__THE PROBLEM__. Could you give back every entry below exactly, with the pictures dropped?

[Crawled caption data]
◇ ◇ ◇
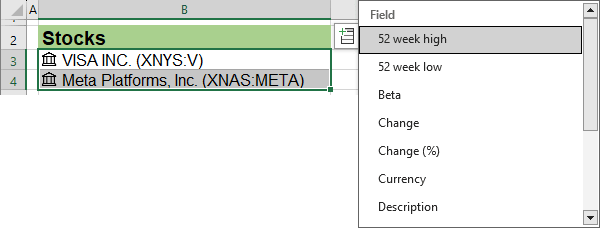 Stocks Data Type columns in Excel 365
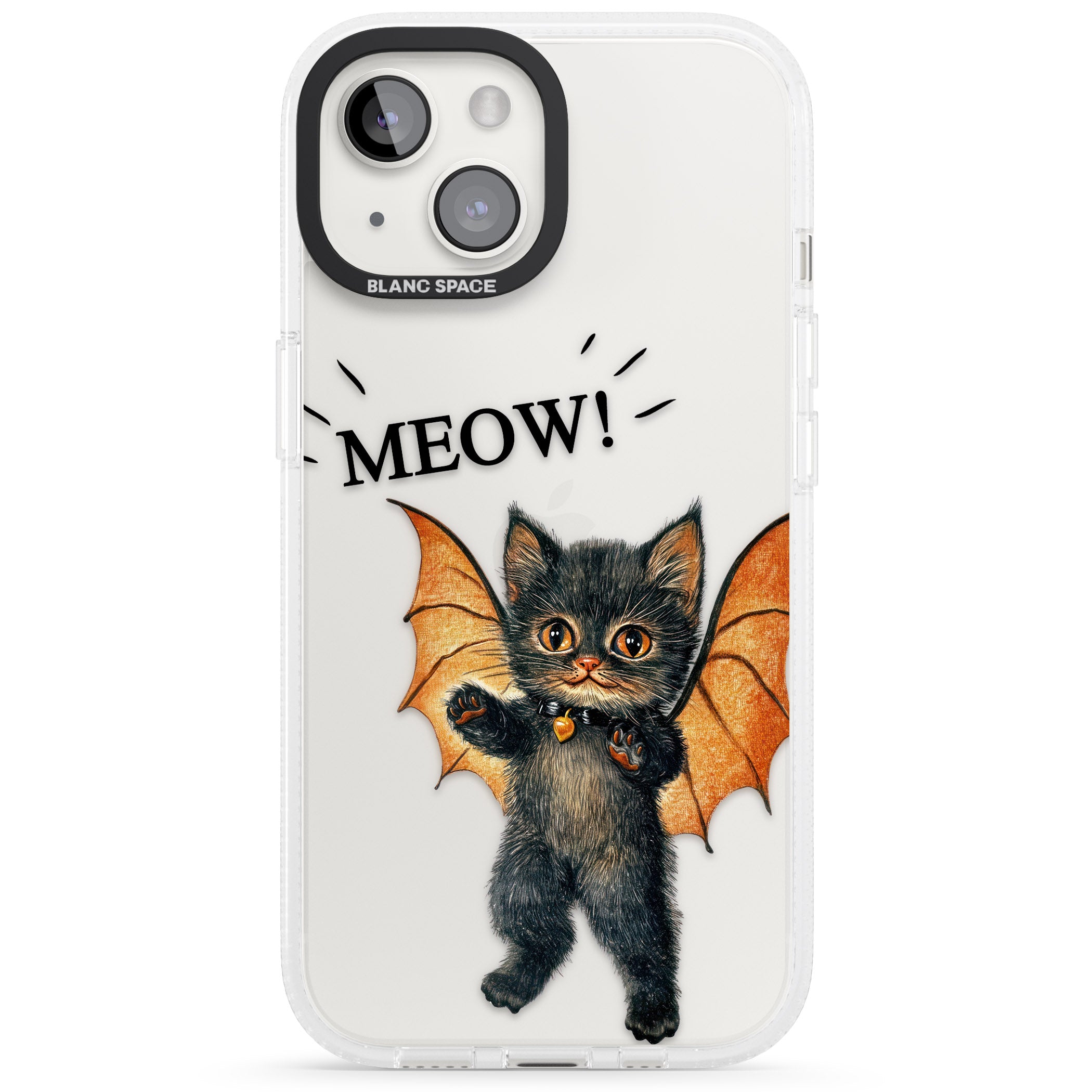 MEOW! iPhone 15 / 14 / 13 Clear Case Impact Air - Blanc Space
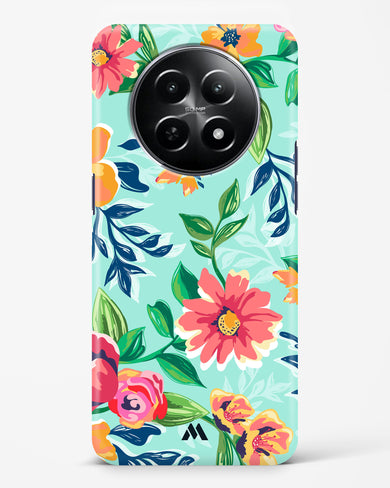 Flower Print on Canvas Hard Case Phone Cover (Realme)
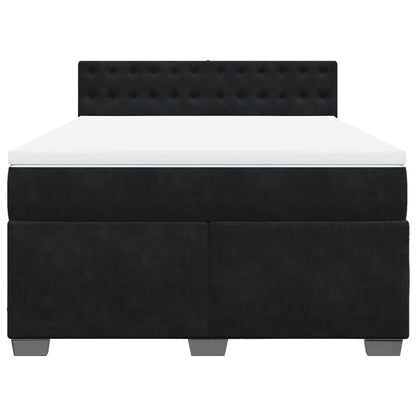 Boxspring met matras fluweel zwart 140x190 cm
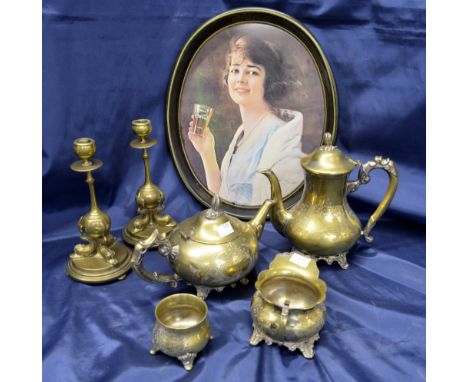 Pair of brass candle sticks three piece tea service and other items 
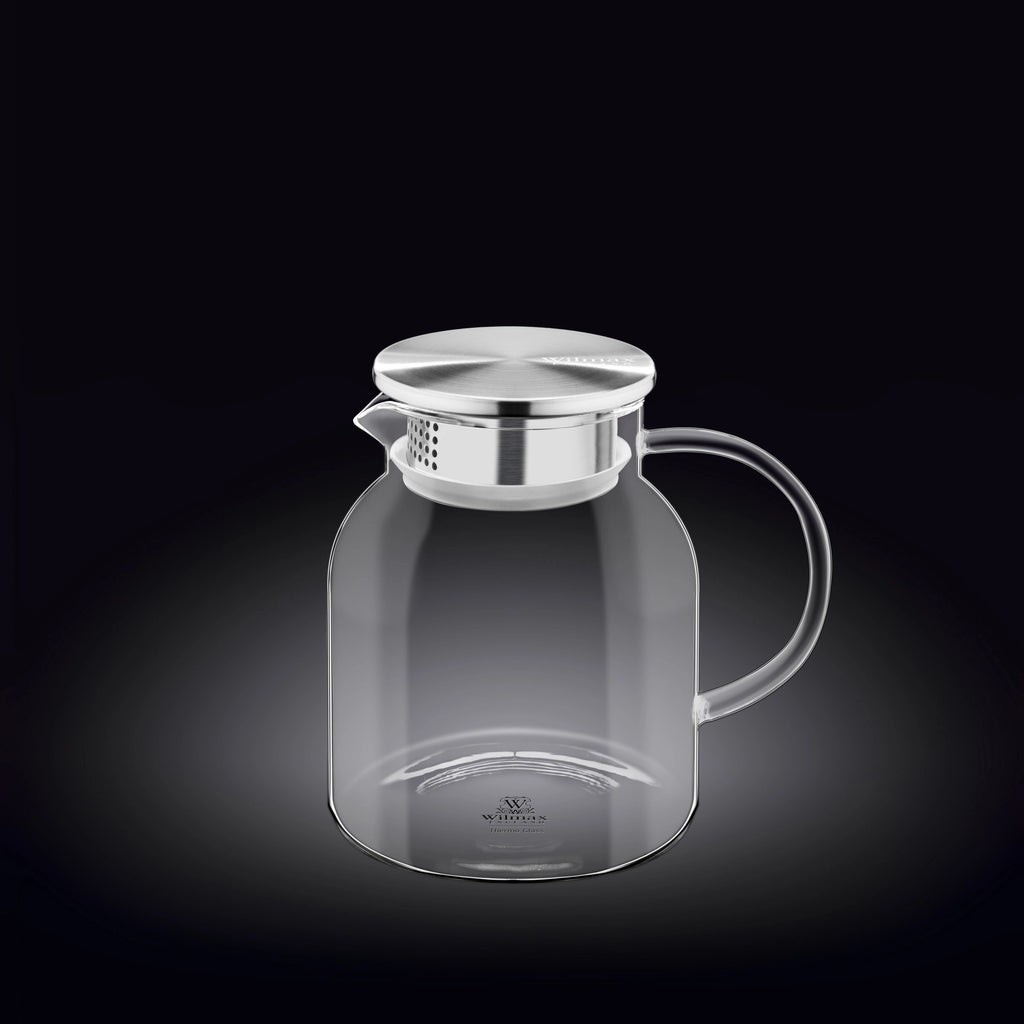 Wilmax Karaffe 1000 ml Thermoglas mit Edelstahl Deckel Transparent WL-888213/A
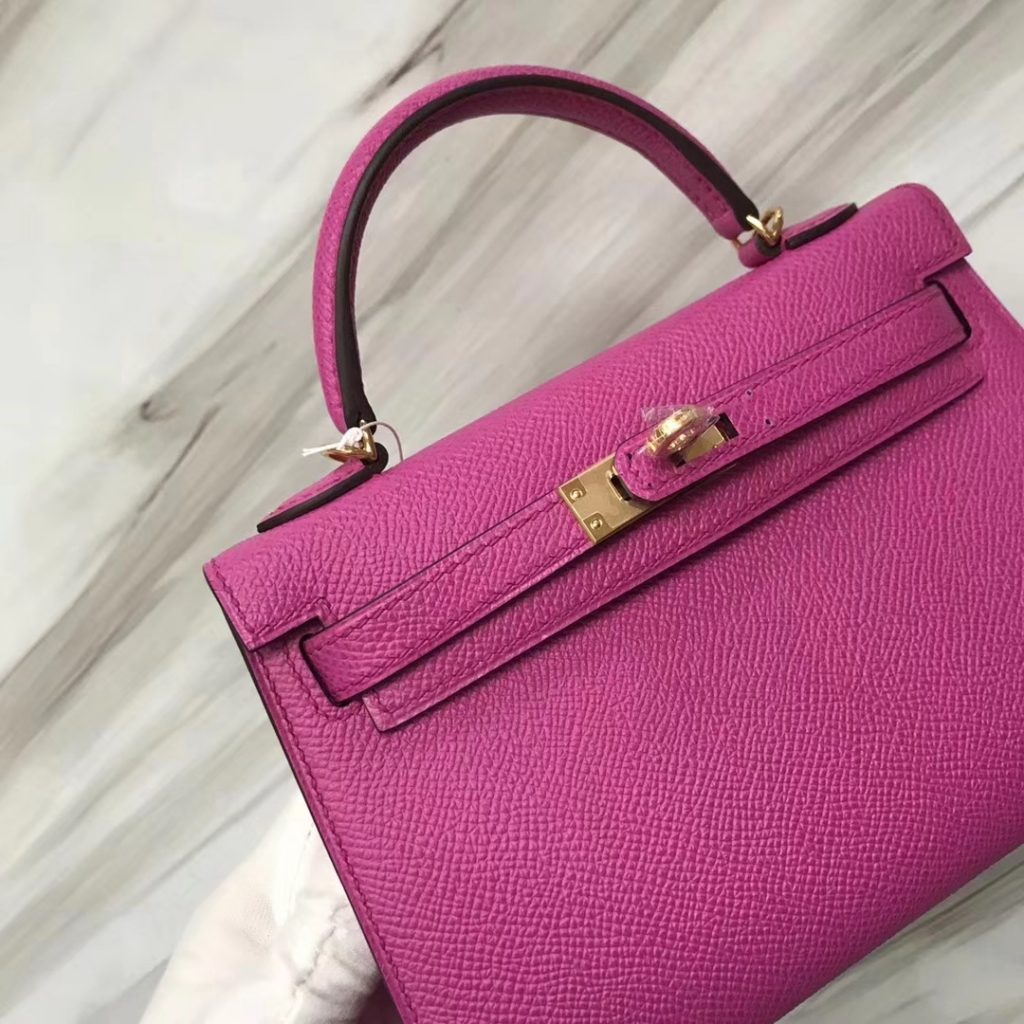 Pretty Hermes Minikelly-2 Evening Bag in I9 Rose Magnolia Epsom Calf Leather Gold Hardware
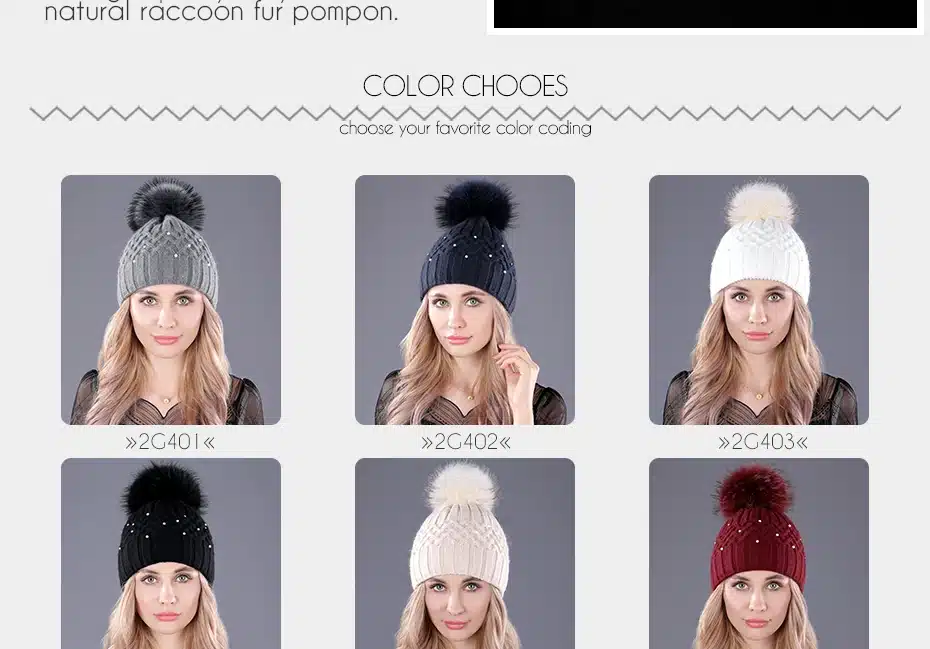 [boapt] Pearl Natural Raccoon Fur Women's Winter Hats Girls Knitted Wool Rabbit Caps Female Headgear Pompon Skullies Beanies 17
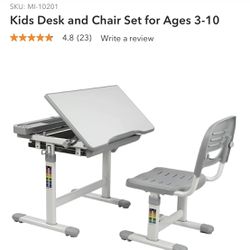 Kids Desk and Chair Set, Height Adjustable Ergonomic Children's School Workstation with Storage Drawer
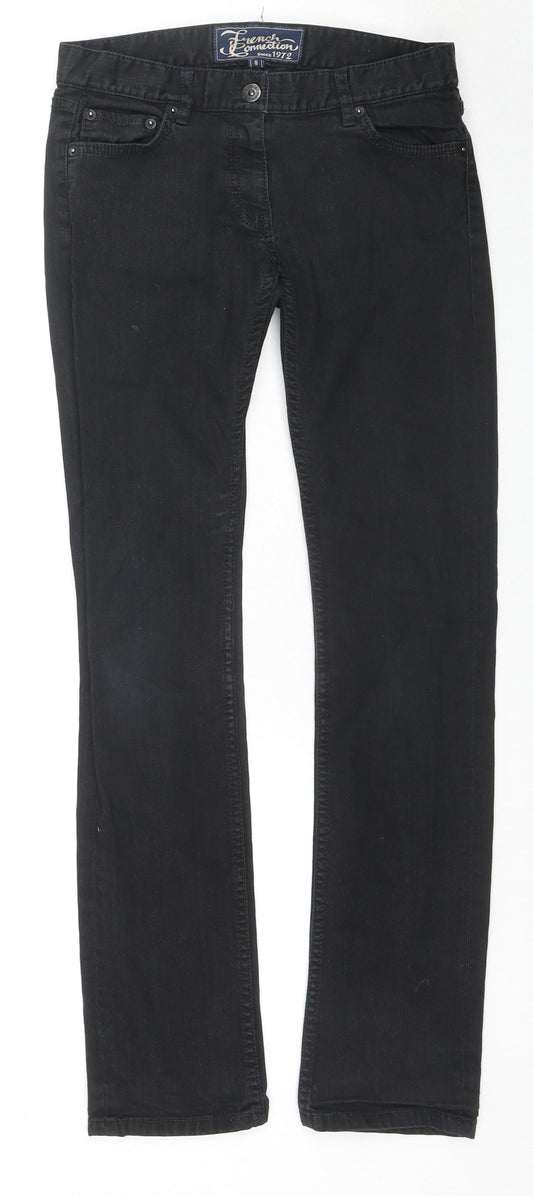 French Connection Womens Blue Cotton Skinny Jeans Size 8 L30 in Regular Zip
◇ ◇ ◇
__SOLUTION TO THIS PROBLEM__.
 Stocks Data Type columns in Excel 365
 MEOW! iPhone 15 / 14 / 13 Clear Case Impact Air - Blanc Space
 Flower Print on Canvas Hard Case Phone Cover (Realme)
 Boxspring met matras fluweel zwart 140x190 cm
 Pair of brass candle sticks three piece tea service and other items 
 Wilmax Karaffe 1000 ml Thermoglas mit Edelstahl Deckel Transparent WL-888213/A
 Pretty Hermes Minikelly-2 Evening Bag in I9 Rose Magnolia Epsom Calf Leather Gold Hardware
 [boapt] Pearl Natural Raccoon Fur Women's Winter Hats Girls Knitted Wool Rabbit Caps Female Headgear Pompon Skullies Beanies 17
 Kids Desk and Chair Set, Height Adjustable Ergonomic Children's School Workstation with Storage Drawer
 French Connection Womens Blue Cotton Skinny Jeans Size 8 L30 in Regular Zip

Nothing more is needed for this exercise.